'Passion of the Christ' is a graphic profession of Mel Gibson's faith

February 24, 2004|Globe Staff

It is, when all is said and done, only a movie.

A profoundly medieval movie, yes. Brutal almost beyond powers of description, yes. More obsessed with capturing every holy drop of martyr's blood and sacred gobbet of flesh than with any message of Christian love, yes. More than anything, "The Passion of the Christ," which opens tomorrow, seems to be exactly the movie Mel Gibson wanted to make as an abiding profession of his traditionalist Catholic faith. On that score it is a success.

If "Passion" is powerful, though, it is only through the bludgeoning, forensic intensity with which the film dwells on Christ's suffering. If you come seeking theological subtlety, let alone such modern inventions as psychological depth, you'll walk away battered and empty-handed. Focusing his story on the last days of Jesus (Jim Caviezel), Gibson has created the most visually realistic re-creation yet of the Stations of the Cross -- with subtitled dialogue in Latin and Aramaic and a few heavy-handed "artistic" touches daubed on -- but one that is finally as reductive as any small-town Passion play or Classics Illustrated Jesus. Believers will disagree (if they're even still reading this review) but "The Passion" is a must-see only as a cultural talking-point, not as a spiritual milestone.

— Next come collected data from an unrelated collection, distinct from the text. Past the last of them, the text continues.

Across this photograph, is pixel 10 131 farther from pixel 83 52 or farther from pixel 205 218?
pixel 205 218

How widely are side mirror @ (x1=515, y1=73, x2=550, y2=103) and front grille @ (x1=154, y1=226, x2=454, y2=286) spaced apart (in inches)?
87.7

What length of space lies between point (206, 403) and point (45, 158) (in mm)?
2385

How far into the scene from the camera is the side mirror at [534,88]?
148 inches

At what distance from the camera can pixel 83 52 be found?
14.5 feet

Two quick observations: First, hateful idiots may take Gibson's depiction of the Jewish priests of the Sanhedrin maneuvering for Christ's execution as incitement, but "The Passion" is not in itself anti-Semitic (although I personally might have cast someone other than the sneering nasty who plays Caiaphas's second banana). There's enough sin to go around, and Gibson spreads it liberally: While Pilate (Hristo Naumov Shopov) is depicted as a harried branch manager for the Roman Empire trying to stave off an uprising, his centurions come off as bloodthirsty apes. Who's responsible for Christ's death? We all are, says Gibson, and proceeds to rub our noses in it.

Second, any parent -- no matter how devout and well-intentioned -- who takes a child to this movie is guilty of abuse. Period.

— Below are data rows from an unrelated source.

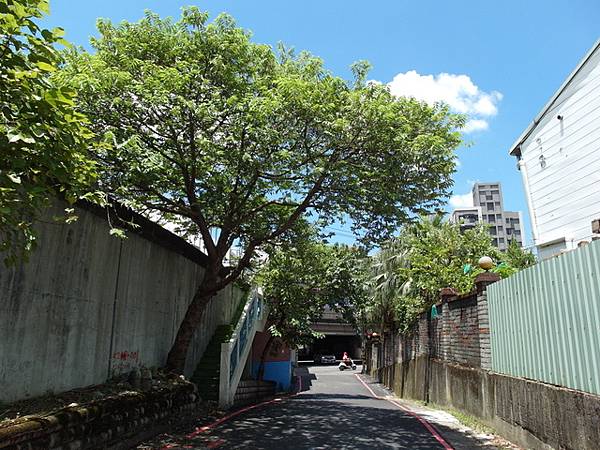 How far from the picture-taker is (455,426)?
10.8 m

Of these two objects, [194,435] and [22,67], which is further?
[194,435]

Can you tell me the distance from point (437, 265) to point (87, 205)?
12.0 m

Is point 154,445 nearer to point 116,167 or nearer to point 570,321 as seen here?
point 116,167

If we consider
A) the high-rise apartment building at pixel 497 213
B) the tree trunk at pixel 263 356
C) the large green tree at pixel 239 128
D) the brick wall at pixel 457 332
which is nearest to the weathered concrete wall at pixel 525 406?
the brick wall at pixel 457 332

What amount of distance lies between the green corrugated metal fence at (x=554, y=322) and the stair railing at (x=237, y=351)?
7.40 meters

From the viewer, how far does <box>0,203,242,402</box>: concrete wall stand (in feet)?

"The Passion of the Christ" opens in the Garden of Gethsemane, where Jesus is in despair over the torments he knows are coming. Hovering around the edges is the first of Gibson's missteps: Satan, who with his black cloak and mime-white face resembles a Eurotrash descendant of Ingmar Bergman's Death in "The Seventh Seal." Judas (Luca Lionello) leads the priest's guards in for the betrayal; he has already received his 30 pieces of silver, tossed to him in a portentous slow-motion arc, and it quickly becomes clear that Gibson is harnessing the language of blockbuster Hollywood cinema to reach the back rows of the theater. This is middlebrow filmmaking, and not without impact.